Редактор приумолк, но вскоре опять воспрял.

— Вот и нет. Прежде я во всем сомневался, писал письма друзьям… А теперь…

— Всегда ты был Редактором, — устало осадил его Директор. — Вспомни, что изображено на картине в гостиной?

— Ну, море. Люди, — нехотя отозвался Редактор.

— Как ты думаешь, почему они беспечно продолжают гулять, хотя на них несется огромная волна?

— Не знаю, — дернул плечом Редактор.

— Им бежать некуда. Они это понимают. Мудрецы. И мы все гуляем на краю обрыва. Скрашивая жизнь, об этом забываешь. Играючи, она длится, продолжается. Но отсей шелуху — и останется твоя суть. Судьба. Кстати… — Директор посмотрел на меня. — Можешь дополнить мой портрет высказыванием о судьбе. И об обрыве. Я считаю, это придаст интересную грань моему облику.

И без его напоминания я собирался возобновить записи в своей тетради. К этому меня побудило следующее обстоятельство.

По-прежнему я регулярно посещал библиотеку, где штудировал поваренные книги всех времен и народов. Но как ни увлекательно проходили занятия кулинарией, мысли мои были заняты другим. В книге «Испанская кухня XVI! века», посреди раздела «блюда из чернослива», я обнаружил рукописную страничку постороннего текста — отрывок без начала и конца. О чем он рассказывал? О Севере, о льдах и торосах… Об усатом капитане… И о художнике, которого тот повстречал на снежной равнине, — с подрамником и мольбертом. Вот, собственно, и все, на этом запись обрывалась.

Рядом с кулинарными рецептами она была так неожиданна и неуместна, как маслина в клубничном мороженом. Это была нота какой-то посторонней мелодии, обнаружившая себя случайно. А может быть, в отлаженной и компактно увязанной системе жизни всегда остается такой торчащий хвостик: дерни — и размотается клубок нового знания?

Я спросил Калисфению Викторовну, не помнит ли она какого-нибудь сна о капитане, где бы он совершал путешествие не в жаркие страны, а на Север. Она помнила.

— Так что ж вы раньше-то молчали? — огорчился я.

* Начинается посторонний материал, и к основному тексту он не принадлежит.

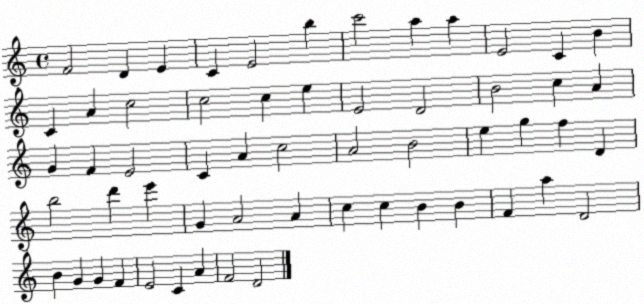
X:1
T:Untitled
M:4/4
L:1/4
K:C
F2 D E C E2 b c'2 a a E2 C B C A c2 c2 c e E2 D2 B2 c A G F E2 C A c2 A2 B2 e g f D b2 d' e' G A2 A c c B B F a D2 B G G F E2 C A F2 D2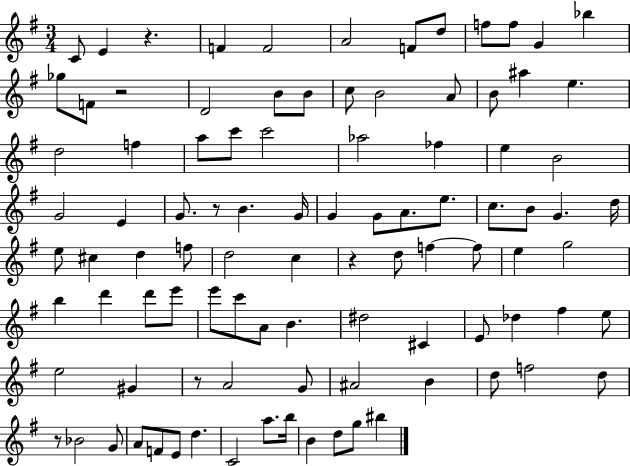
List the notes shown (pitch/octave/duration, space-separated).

C4/e E4/q R/q. F4/q F4/h A4/h F4/e D5/e F5/e F5/e G4/q Bb5/q Gb5/e F4/e R/h D4/h B4/e B4/e C5/e B4/h A4/e B4/e A#5/q E5/q. D5/h F5/q A5/e C6/e C6/h Ab5/h FES5/q E5/q B4/h G4/h E4/q G4/e. R/e B4/q. G4/s G4/q G4/e A4/e. E5/e. C5/e. B4/e G4/q. D5/s E5/e C#5/q D5/q F5/e D5/h C5/q R/q D5/e F5/q F5/e E5/q G5/h B5/q D6/q D6/e E6/e E6/e C6/e A4/e B4/q. D#5/h C#4/q E4/e Db5/q F#5/q E5/e E5/h G#4/q R/e A4/h G4/e A#4/h B4/q D5/e F5/h D5/e R/e Bb4/h G4/e A4/e F4/e E4/e D5/q. C4/h A5/e. B5/s B4/q D5/e G5/e BIS5/q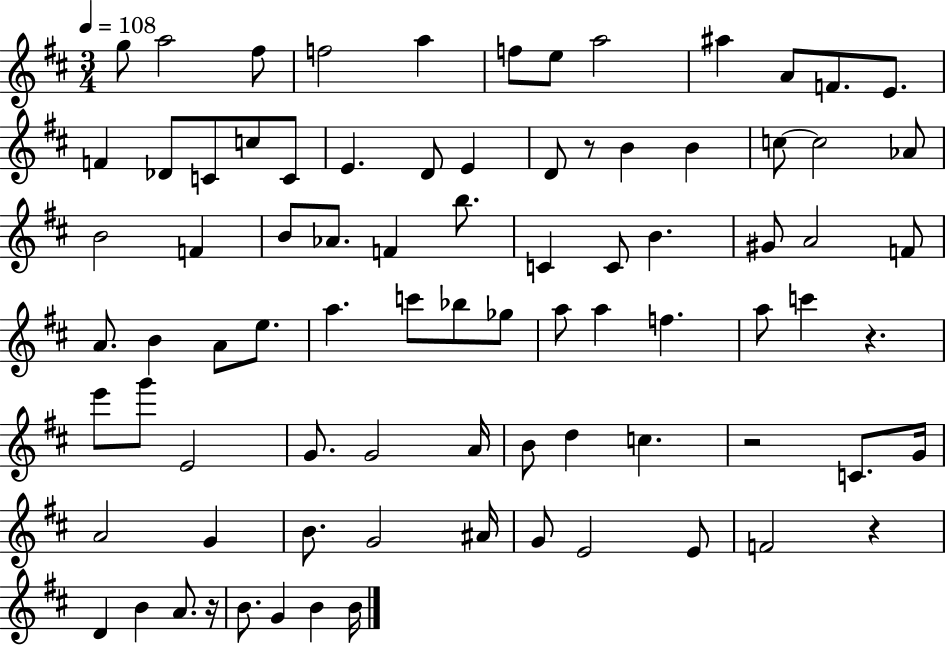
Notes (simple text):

G5/e A5/h F#5/e F5/h A5/q F5/e E5/e A5/h A#5/q A4/e F4/e. E4/e. F4/q Db4/e C4/e C5/e C4/e E4/q. D4/e E4/q D4/e R/e B4/q B4/q C5/e C5/h Ab4/e B4/h F4/q B4/e Ab4/e. F4/q B5/e. C4/q C4/e B4/q. G#4/e A4/h F4/e A4/e. B4/q A4/e E5/e. A5/q. C6/e Bb5/e Gb5/e A5/e A5/q F5/q. A5/e C6/q R/q. E6/e G6/e E4/h G4/e. G4/h A4/s B4/e D5/q C5/q. R/h C4/e. G4/s A4/h G4/q B4/e. G4/h A#4/s G4/e E4/h E4/e F4/h R/q D4/q B4/q A4/e. R/s B4/e. G4/q B4/q B4/s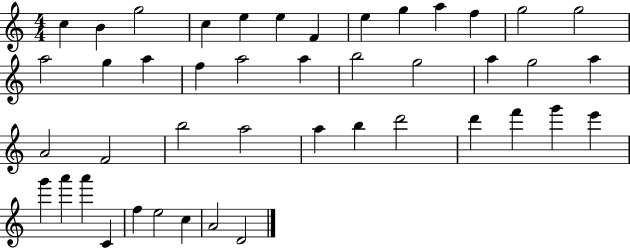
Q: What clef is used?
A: treble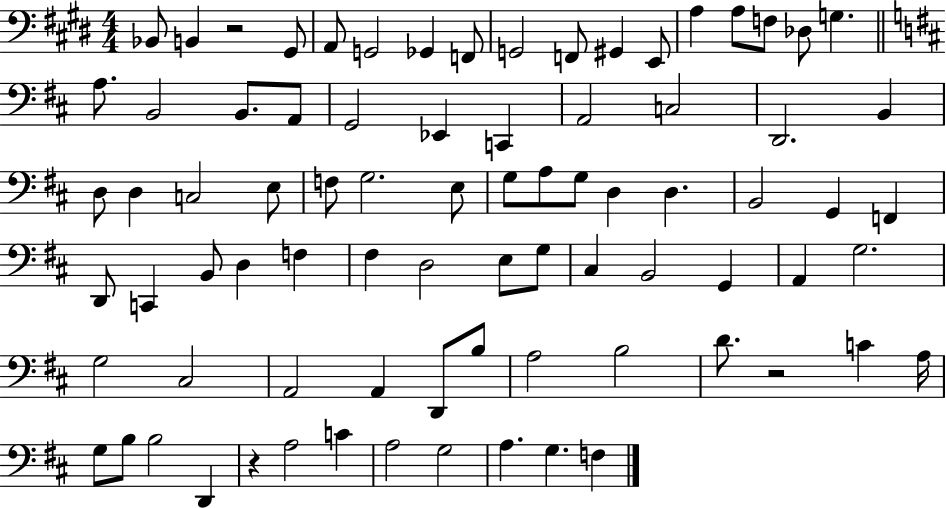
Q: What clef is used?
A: bass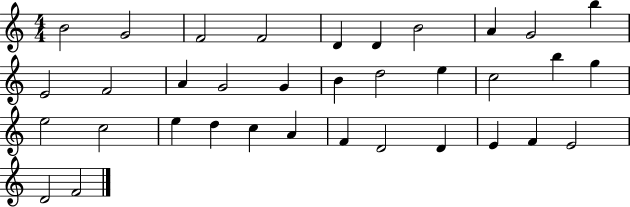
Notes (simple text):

B4/h G4/h F4/h F4/h D4/q D4/q B4/h A4/q G4/h B5/q E4/h F4/h A4/q G4/h G4/q B4/q D5/h E5/q C5/h B5/q G5/q E5/h C5/h E5/q D5/q C5/q A4/q F4/q D4/h D4/q E4/q F4/q E4/h D4/h F4/h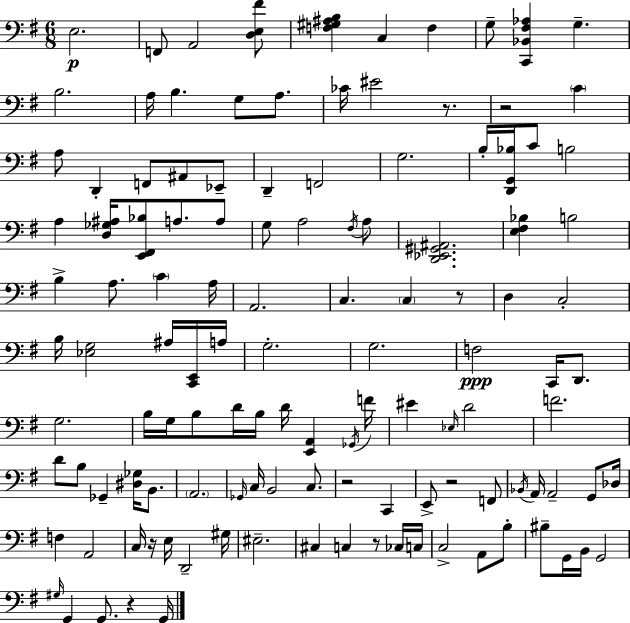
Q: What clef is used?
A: bass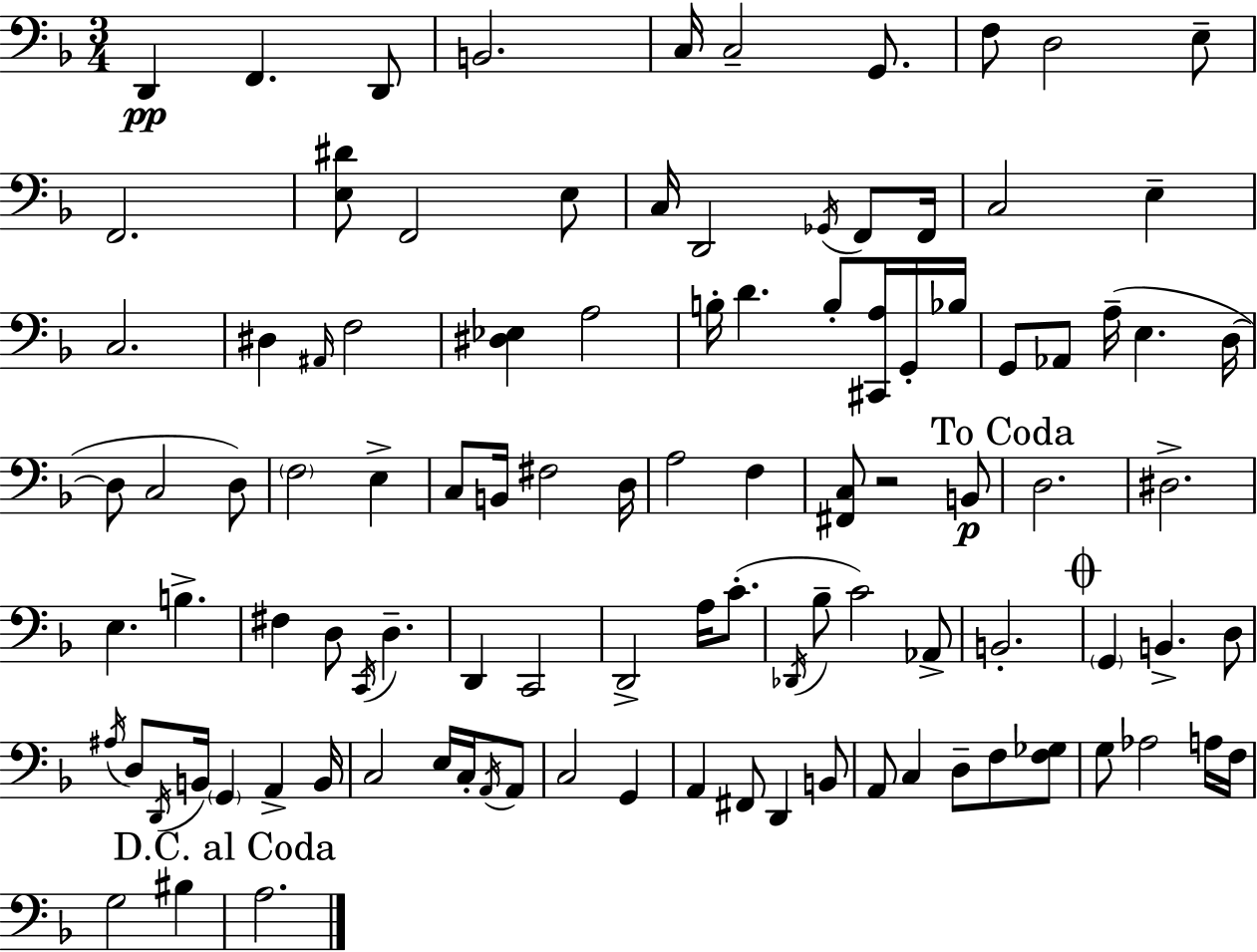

— Я не молчала. Я предлагала вам целый ряд материалов. — Она гордо выпрямилась и приняла позу человека, оскорбленного в лучших чувствах. — Судовые журналы, например.

Вместе мы достали с антресолей ящик пропыленных амбарных книг, в которых капитан делал заметки о своих путешествиях. Я листал пожелтевшие страницы и видел снег, торосы и сугробы — да такие, что хотелось назвать их уж по крайней мере сугорбами, а то и вовсе отсечь первый слог, эту мелкую иноземную монету, которая не имела никакого отношения ни к зиме, ни к Северу, ни к моим размышлениям. Ох, как полезно было бы почитать эти записи моему другу Володе!

Я больше не поворачивал капитана лицом к стене, я с интересом приглядывался к нему. А однажды, в поисках тишины и возможности продолжить свое оборванное на полуслове письмо я заглянул в бывшую свою квартиру. В ней все оставалось по-прежнему, хотя повсюду разрослись пальмы и без конца звенел будильник, который мадам Барсукова не выпускала из рук — постоянно опробовала.